**Data excerpt**
Segment Open

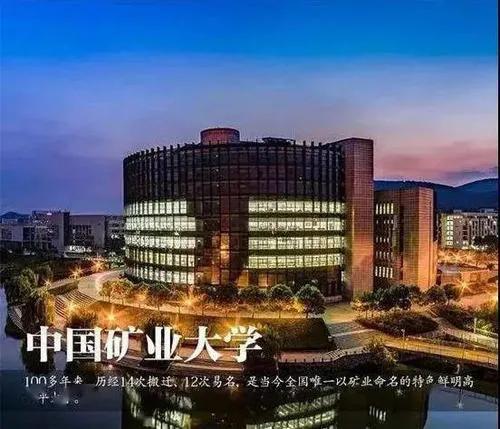矿业，徐州的中国矿业大学在国人心中的地位怎么样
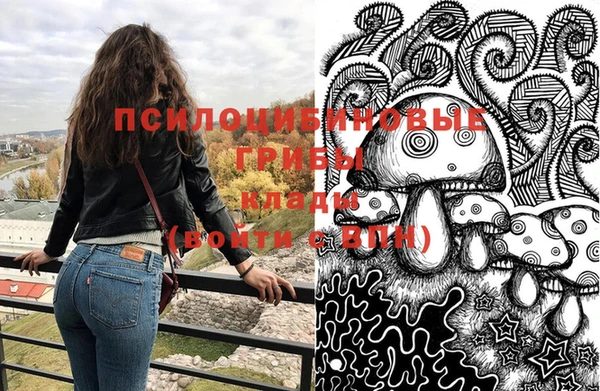 MESCALINE Касимов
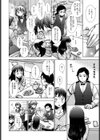 峰嶋さんと美味しいクリームパイ試し読み2ページ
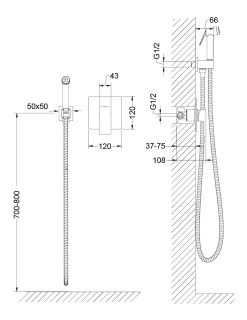 Гигиенический душ Timo Selene со смесителем чёрный 2089/03SM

Segment Closed

**Task directions**
Copy exactly the lines that run from the line containing "MESCALINE Касимов" to the end of the data above, keeping both end lines and leaving out all pictures.

**Reply**
 MESCALINE Касимов
 峰嶋さんと美味しいクリームパイ試し読み2ページ
 Гигиенический душ Timo Selene со смесителем чёрный 2089/03SM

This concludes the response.